North American Fur Trade - Social and Cultural Impact

Social and Cultural Impact

The fur trade and its actors has played a certain role in films and popular culture. It was the topic of various books and films, from James Fenimore Cooper via Irving Pichels Hudson's Bay of 1941, the popular Canadian musical My Fur Lady (music by Galt MacDermot) of 1957, till Nicolas Vaniers documentaries. However, in contrast to "the huddy buddy narration of Canada as Hudson's country", propagated either in popular culture as well in elitist circles as the Beaver Club, founded 1785 in Montreal the often male-centered scholarly description of the fur business does not fully describe the history.

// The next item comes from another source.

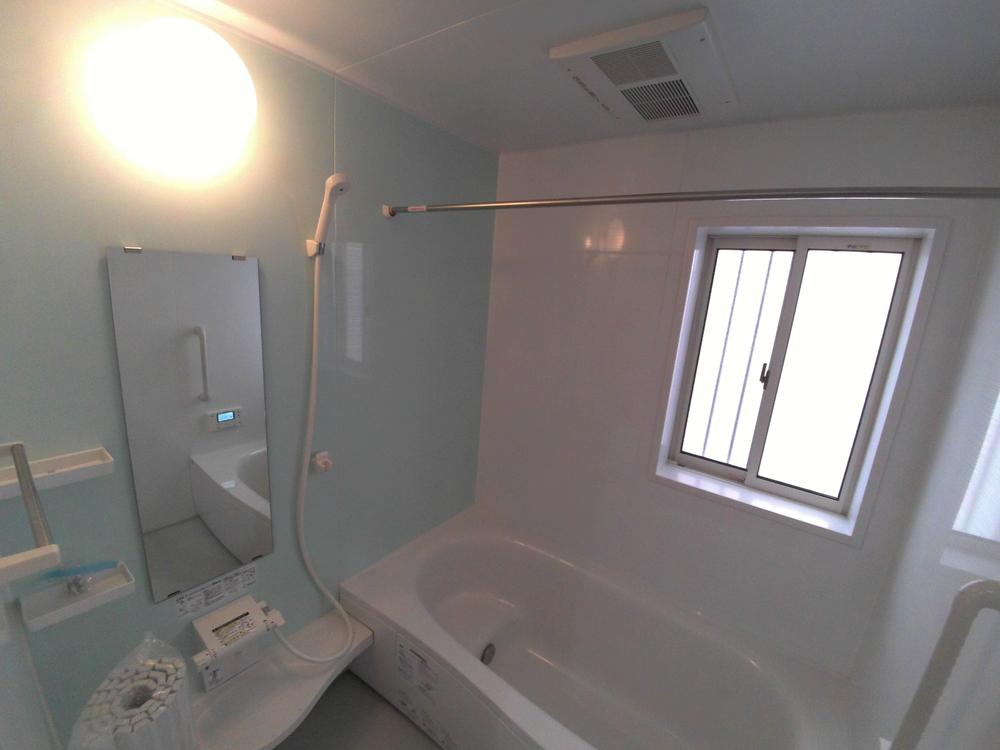 Bathroom. Local (12 May 2013) Shooting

Chantal Nadeau, a communication scientist in Montreal's Concordia University refers to the "country wives" and "country marriages" between Indian women and European trappers and the Filles du Roy of the 18th century. Nadeau says that women have been described as a sort of commodity, "skin for skin", and they were essential to the sustainable prolongation of the fur trade.

Nadeau describes fur as an essential, "the fabric" of Canadian symbolism and nationhood. She notes the controversies around the Canadian seal hunt, with Brigitte Bardot as a leading figure. Bardot, a famous actress, had been a model in the 1971 "Legend" campaign of the US mink label Blackglama, for which she posed nude in fur coats. Her involvement in anti-fur campaigns shortly afterward was in response to a request by the noted author Marguerite Yourcenar, who asked Bardot to use her celebrity status to help the anti-sealing movement. Bardot had successes as an anti-fur activist and changed from sex symbol to the grown-up mama of "white seal babies". Nadeau related this to her later involvement in French right-wing politics. The anti-fur movement in Canada was intertwined with the nation's exploration of history during and after the Quiet Revolution in Quebec, until the roll back of the anti-fur movement in the late 1990s. Finally, the PETA celebrity campaign: "I'd rather go naked than wear fur", turned around the "skin for skin" motto and symbology against fur and the fur trade.